Clémentine produit vraisemblablement son énoncé sans tenir compte des contraintes de cette séance, c'est-à-dire produire une question selon une structure linguistique formelle. Il ne s'agit pas d'un simple exercice linguistique, mais d'amener l'enfant vers une relation dialogique. Le second énoncé est pertinent. Par ailleurs, le rôle du président de séance s'élargit, l'enseignant lui demande d'être attentif à ce que disent les élèves, donc au fonctionnement de la communication. Julien B. dévoile une fois de plus la difficulté pour écouter et comprendre les autres. Il ne restitue qu'une partie du dialogue, et oublie ce qui est essentiel dans la réponse " l'amitié, c'est les deux petits garçons ".

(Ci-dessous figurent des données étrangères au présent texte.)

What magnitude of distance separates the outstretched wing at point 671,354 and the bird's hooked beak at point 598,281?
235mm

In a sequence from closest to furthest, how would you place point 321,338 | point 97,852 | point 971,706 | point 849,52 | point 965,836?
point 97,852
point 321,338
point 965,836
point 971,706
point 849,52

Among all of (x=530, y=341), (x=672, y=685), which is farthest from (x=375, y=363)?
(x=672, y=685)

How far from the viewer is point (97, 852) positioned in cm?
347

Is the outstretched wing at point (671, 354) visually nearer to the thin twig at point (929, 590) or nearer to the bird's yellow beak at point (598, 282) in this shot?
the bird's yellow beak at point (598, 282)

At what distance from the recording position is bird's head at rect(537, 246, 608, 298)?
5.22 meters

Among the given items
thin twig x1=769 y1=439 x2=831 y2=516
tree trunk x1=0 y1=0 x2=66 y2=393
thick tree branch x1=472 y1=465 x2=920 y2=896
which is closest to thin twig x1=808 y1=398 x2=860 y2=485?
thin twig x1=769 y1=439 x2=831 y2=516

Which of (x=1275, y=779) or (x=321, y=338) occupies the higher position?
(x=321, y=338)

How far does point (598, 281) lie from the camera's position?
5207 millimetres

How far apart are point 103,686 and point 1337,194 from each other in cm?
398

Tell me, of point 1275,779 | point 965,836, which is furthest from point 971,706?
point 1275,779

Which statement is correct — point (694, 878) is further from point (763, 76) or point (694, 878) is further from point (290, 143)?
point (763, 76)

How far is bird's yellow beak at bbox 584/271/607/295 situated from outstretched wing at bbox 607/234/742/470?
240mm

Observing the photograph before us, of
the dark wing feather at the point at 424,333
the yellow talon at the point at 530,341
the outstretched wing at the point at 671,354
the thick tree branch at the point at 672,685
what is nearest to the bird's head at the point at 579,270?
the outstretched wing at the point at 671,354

Les enfants sont capables d'apprendre le rôle social du langage. Cependant, je ne pense pas qu'il suffise de les mettre en situation de parler pour qu'ils acquièrent une maîtrise du langage et de la réflexion. Pour développer leur pensée réflexive, l'enseignant institue les enfants dans des rôles qu'il accompagne durant l'atelier. Les faire verbaliser sur le fonctionnement du dispositif a la même importance que le contenu de la discussion. En effet, le choix éducatif retenu est celui d'un sujet qui se construit dans l'autonomie mais aussi dans l'hétéronomie. L'enfant conserve son potentiel créatif, il peut choisir de participer à la discussion, il a l'initiative pour donner son point de vue ou ne rien dire, il reste interprète quand il dessine et quand il joue un rôle d'animateur. Mais, il est aussi soumis à la dépendance des règles du dispositif ainsi qu'aux exigences réclamées par l'enseignant, ici, la construction du dialogue au travers du questionnement.
N.B. : Pour plus de détails sur le dispositif mis en oeuvre, voir Alain Delsol, " La pensée provisoire chez l'enfant de maternelle ", Les activités à visée philosophique en classe : l'émergence d'un genre ?, CRDP de Bretagne, p.111 à 119.